Search for the combination of unicode characters that "best" matches a gravatar.
The repo includes chars.tar.gz
, containing some 2000 GIF renderings of unicode
characters. They were originally ripped from fileformat.info
and converted using
ImageMagick:
for x (a b c d e f g h i j k l m n o p q r s t u v w x y z); do
wget -r -l 1 -p http://www.fileformat.info/info/unicode/char/${x}.htm
done
# Convert to GIFs, since scipy gets confused by transparent PNGs:
perl -e 'for (@ARGV) {/([\dabcdef]+)\/(\w+\.png)/ && print "convert $_ chars/$1.gif\n";}' www.fileformat.info/info/unicode/char/*/*.png | sh
# Remove duds
rm `sum chars/* | grep 35064 | awk '{print $3}'`
rm `sum chars/* | grep 49947 | awk '{print $3}'`
rm `sum chars/* | grep "^4772" | awk '{print $3}'`
The "duds" above are things like , for which we don't have good renderings.

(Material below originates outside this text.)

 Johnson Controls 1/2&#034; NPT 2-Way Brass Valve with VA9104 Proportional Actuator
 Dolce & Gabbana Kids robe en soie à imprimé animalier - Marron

After much experimentation, the processing was reduced to the current contents of
unicon.py
, the gist of which is that we look for similarity defined by Euclidean distance
in an orthogonal space obtained with SVD.
get_gravatar_array
Reads an icon from gravatar.com
and by default will perform
edge detection on it, along with some clipping to remove gravatar's pretty frame, and then
flattens it into an array, e.g:
g = get_gravatar_array("pnf@podsnap.com",sz=100,mask=((0,10),(80,90)),shrink=0.0,edge=(5,20,2,2))

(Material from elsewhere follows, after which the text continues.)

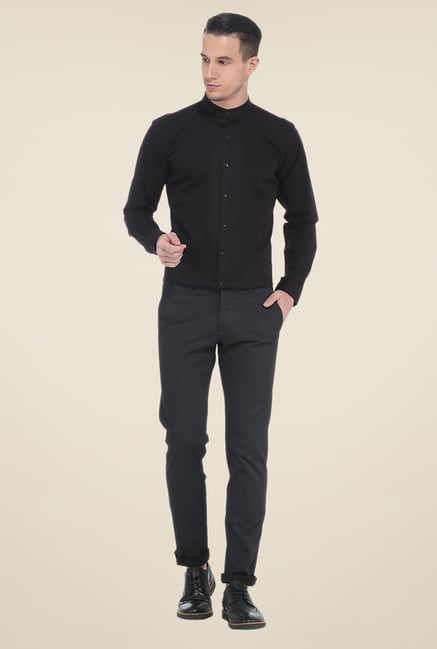 Basics Black Solid Slim Fit Shirt Basics Black Solid Slim Fit Shirt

imshow(g.reshape(100,100))
get_unichars
Reads in the GIFS as matrices, flattens them into arrays, stacks them
and performs an SVD, retaining by default dimensions 11-110. The reason for ignoring
the first 10 is that they're not particularly interesting and in general encourage
space filling.
unis = get_unichars(100,100,snub=10)
(files,C,F,u,d,vh,ps) = unis
The ps
above contains the projection of the characters in F
onto u
.
At this point, finding the single best-matching unicode character requires only that
we project g
onto u
and look for the closest member of ps
, but a single
unicode character isn't very satisfying. Instead, we try to find a combination of three
(or more) characters, which is an NP complete problem. Accordingly, I attempt to
approximate the solution by simulated annealing. I use a probability distribution
vaguely resembling Boltzmann: exp(d**2/T)
, where d
is the distance in the
u
space and T
is an essentially arbitrary pseudo-temperature that will get
decreased log-linearly, as we accept or reject substitutions of characters based on the
Metropolis-Hastings criterion. This takes a while, but there's an option to provide
visual updates of the progressing solution.
ya = anneal(unis,g, 1.0e7,3,1000000,50000,1)

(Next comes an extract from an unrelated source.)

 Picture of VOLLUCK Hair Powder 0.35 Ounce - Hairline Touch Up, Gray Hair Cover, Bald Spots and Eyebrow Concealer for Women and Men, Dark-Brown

imshow(255-ya[0].reshape(100,100),cmap=cm.gray)
imshow(-(1.0*ya[0]+0.5*g).reshape(100,100),cmap=cm.gray) # overlay
There are many potential improvements:
- Include processing options for the gravatar in the optimization. The smoothing and edge detection parameters above seem to work decently for conventionally composed headshots, but can be easily thrown off by reasonable scale, position and contrast choices.
- Include shifted and possibly scaled characters. This will make the SVD calculation take considerably longer.
- Do something worthwhile instead of this.